- Data for analysis -
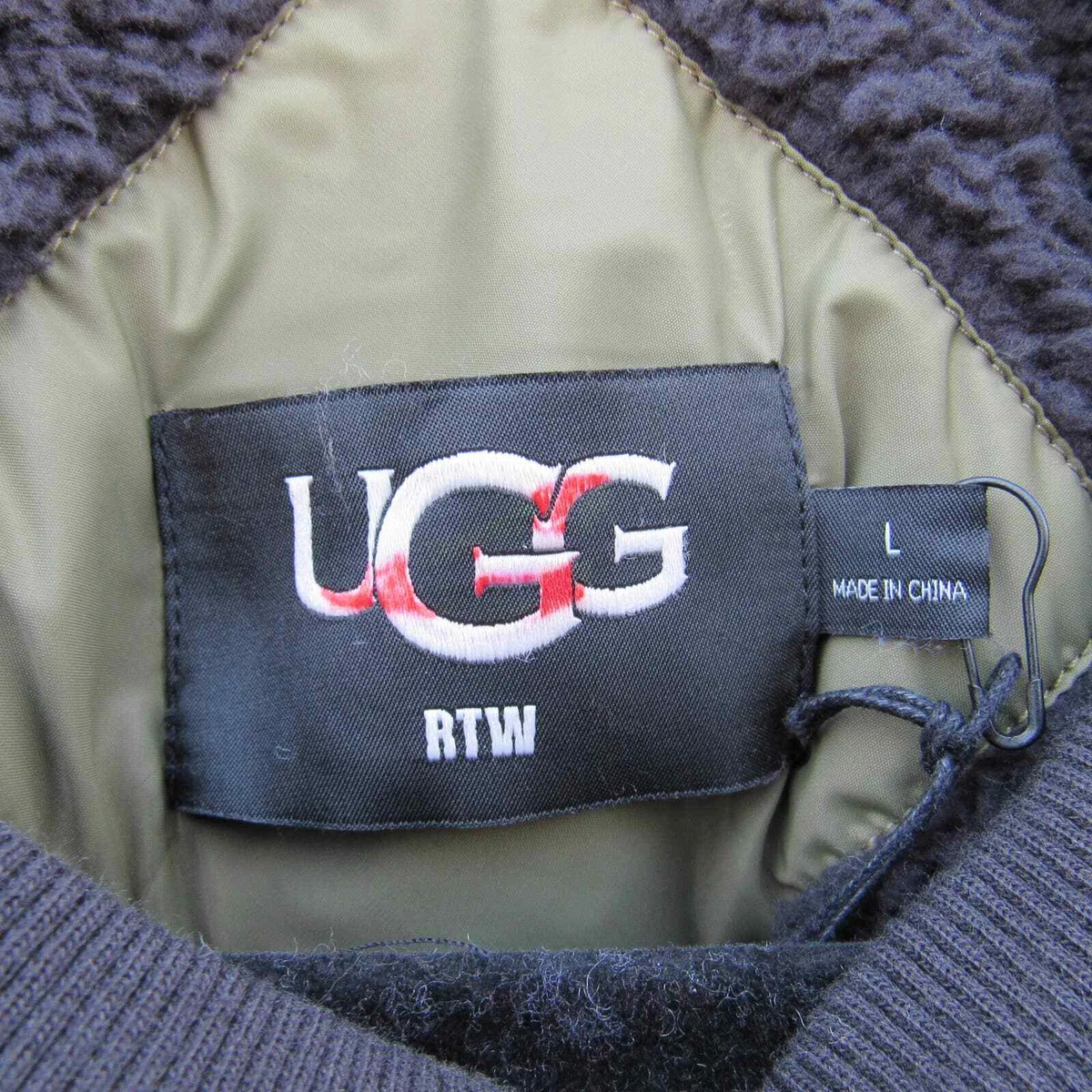 UGG MEN'S NIKO SHERPA CREWNECK SWEATER IN BLACK OLIVE SZ XL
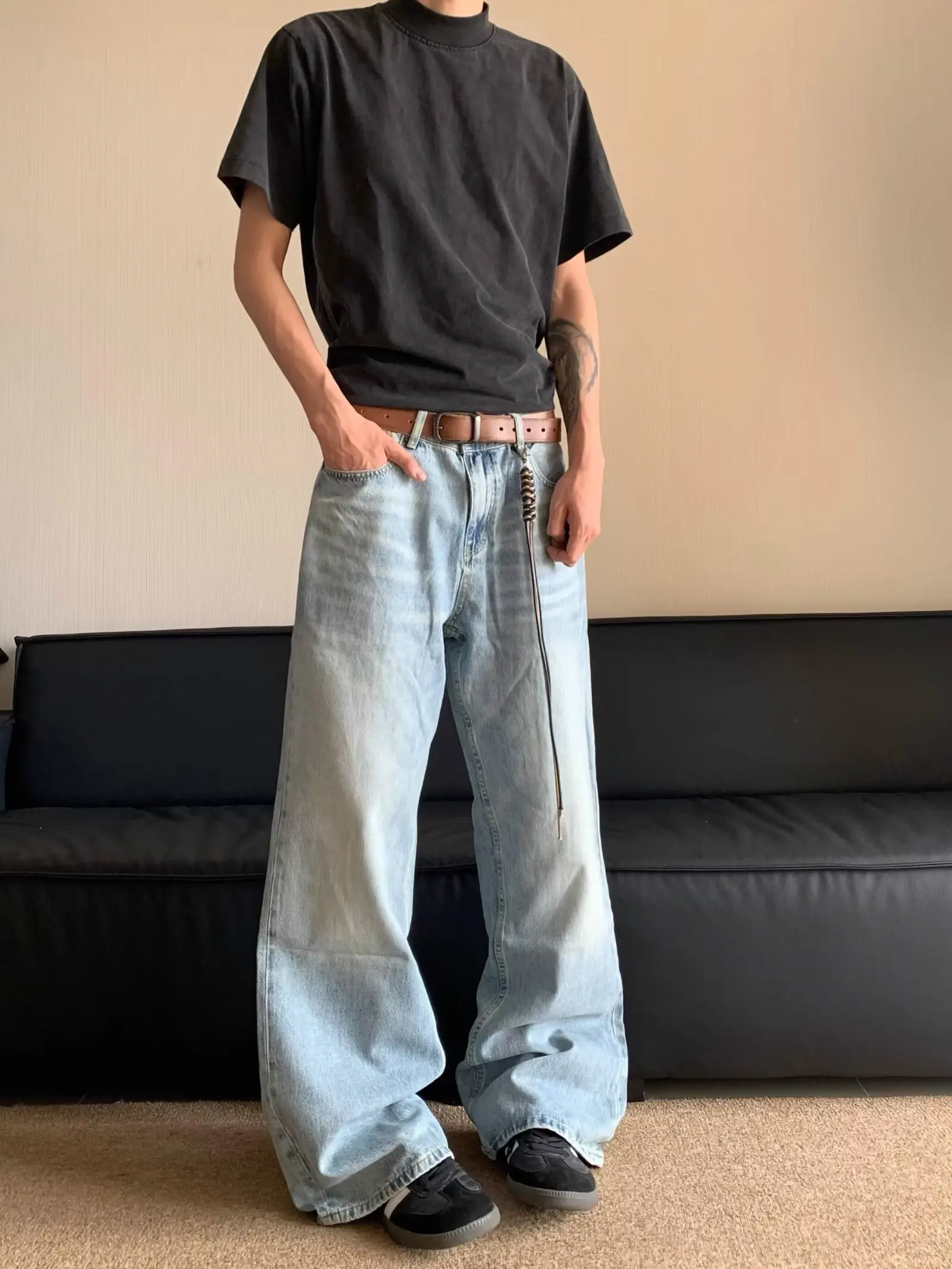 

Широкие джинсы в американском стиле ретро для мужчин и женщин, свободные прямые винтажные длинные брюки Dra Cleanfit, повседневные молодежные джинсы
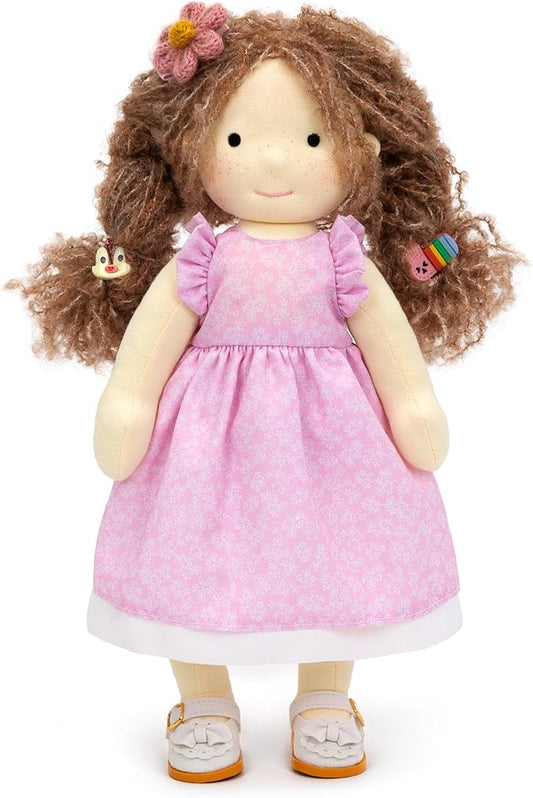 BlissfulPixie Handmade Waldorf Doll- Amy 12", Soft Girl Rag Doll with Cute Stuffed Plush, Ideal Present for Babies & Toddlers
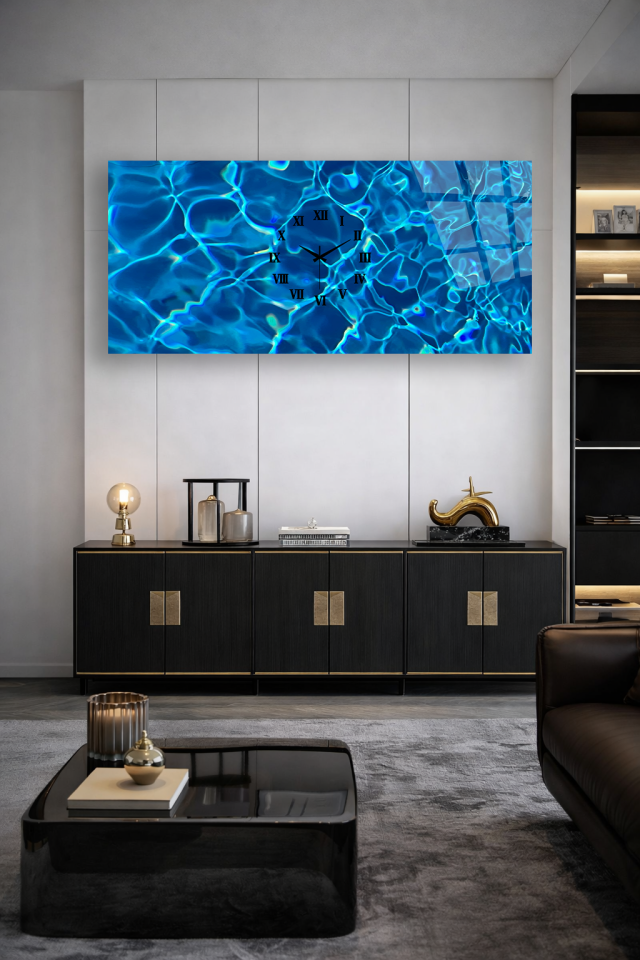 KIRILMAZ CAM DUVAR SAATİ , HEM TABLO HEM SAAT MAVİ SU DALGA DESENİ EV OFİS HEDİYESİ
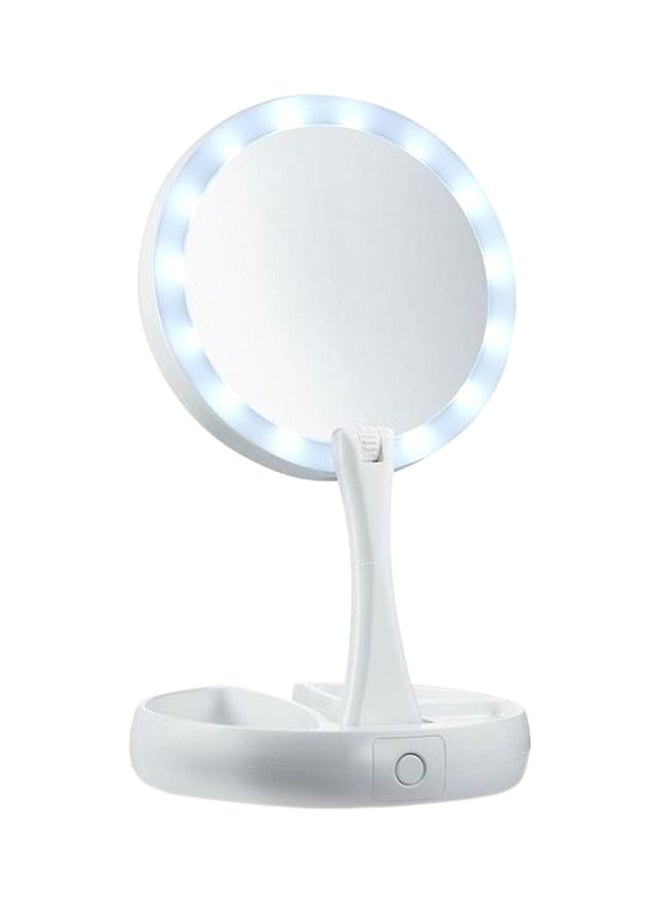 Generic - My Fold Away Makeup Mirror With LED Lights White/Silver - Image 1
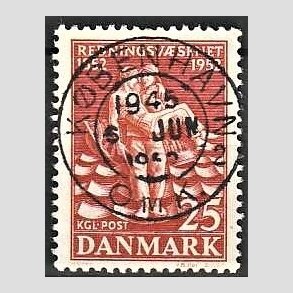 FRIMRKER DANMARK | 1952 - AFA 334 - Redningsvsnet 100 r - 25 re brunrd - Pragt Stemplet Kbenhavn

- Problem description -
All that is required is the lines from the line containing "Generic - My" through the end of the records above, copied exactly, and none of the pictures.

- Output of the task -
 Generic - My Fold Away Makeup Mirror With LED Lights White/Silver - Image 1
 FRIMRKER DANMARK | 1952 - AFA 334 - Redningsvsnet 100 r - 25 re brunrd - Pragt Stemplet Kbenhavn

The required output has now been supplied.